Automatic differentiation (autodiff) is a computational technique for evaluating derivatives of functions expressed as computer programs, producing exact results rather than approximations. Unlike symbolic differentiation—which manipulates mathematical expressions and can produce unwieldy formulas—or numerical differentiation—which introduces floating-point approximation errors through finite differences—autodiff works by decomposing a computation into a sequence of elementary operations and systematically applying the chain rule at each step. The result is machine-precision accuracy at a computational cost proportional to the original function, making it far more practical than its alternatives for the large, nested functions that define modern neural networks.
Autodiff operates in two primary modes. Forward mode propagates derivative information alongside the original computation, computing directional derivatives efficiently when the number of inputs is small. Reverse mode, which corresponds to the backpropagation algorithm used in deep learning, accumulates gradients by traversing the computation graph backward from outputs to inputs. Reverse mode is particularly powerful when a model has many parameters but a scalar loss, since a single backward pass computes gradients with respect to all parameters simultaneously—a property that makes training million- or billion-parameter models computationally feasible.
The practical impact of autodiff on machine learning cannot be overstated. Before it was integrated into ML frameworks, researchers had to derive and implement gradients by hand, a tedious and error-prone process that severely limited model complexity. Modern libraries such as TensorFlow and PyTorch build autodiff engines at their core, allowing practitioners to define arbitrarily complex model architectures and obtain exact gradients automatically. This capability is what enables gradient-based optimizers like SGD and Adam to train deep networks reliably at scale.
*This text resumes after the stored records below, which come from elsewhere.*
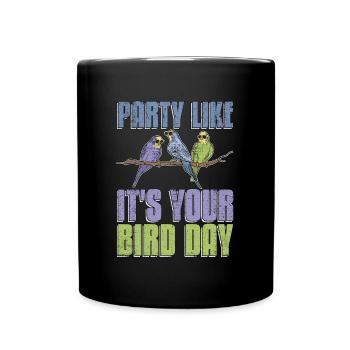 Perruche Faites la fête comme si c’était votre jour d’oiseau amoureux des animaux - Mug uni - noir - Devant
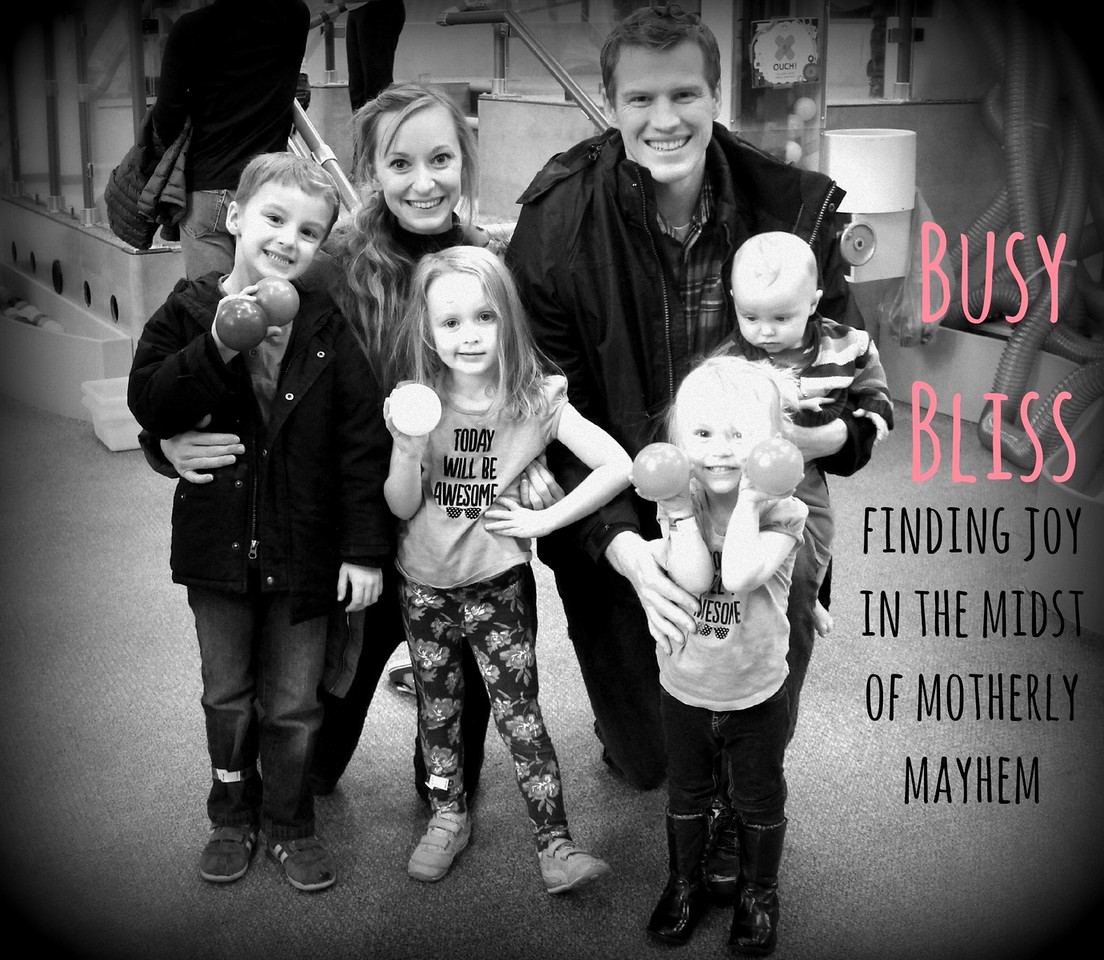 BusyBliss: Finding the Joy in the Midst of Motherly Mayhem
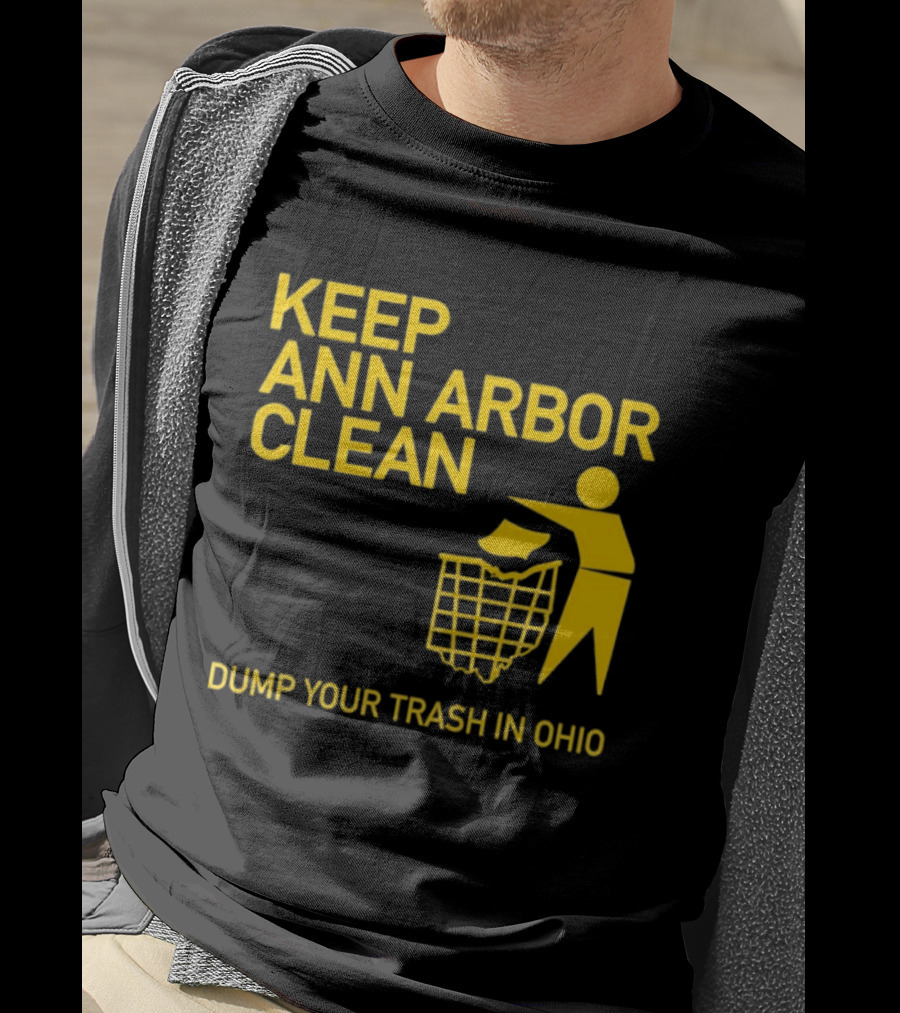 Keep Ann Arbor Clean Dump Your Trash In Ohio T-Shirt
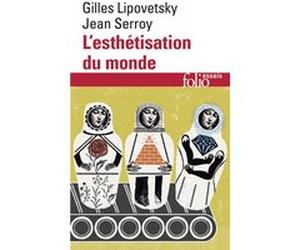 L'esthétisation du monde Jean Serroy (Auteur), Gilles Lipovetsky (Auteur)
Autodiff became central to machine learning in the mid-2010s when deep learning frameworks made reverse-mode autodiff accessible to a broad research and engineering community. The concept of a dynamic computation graph—introduced by frameworks like Chainer and later PyTorch—further expanded autodiff's flexibility, allowing gradients to flow through control flow structures such as loops and conditionals. Today, autodiff is considered a foundational primitive of differentiable programming, extending beyond neural networks into scientific computing, probabilistic modeling, and physics-based simulation.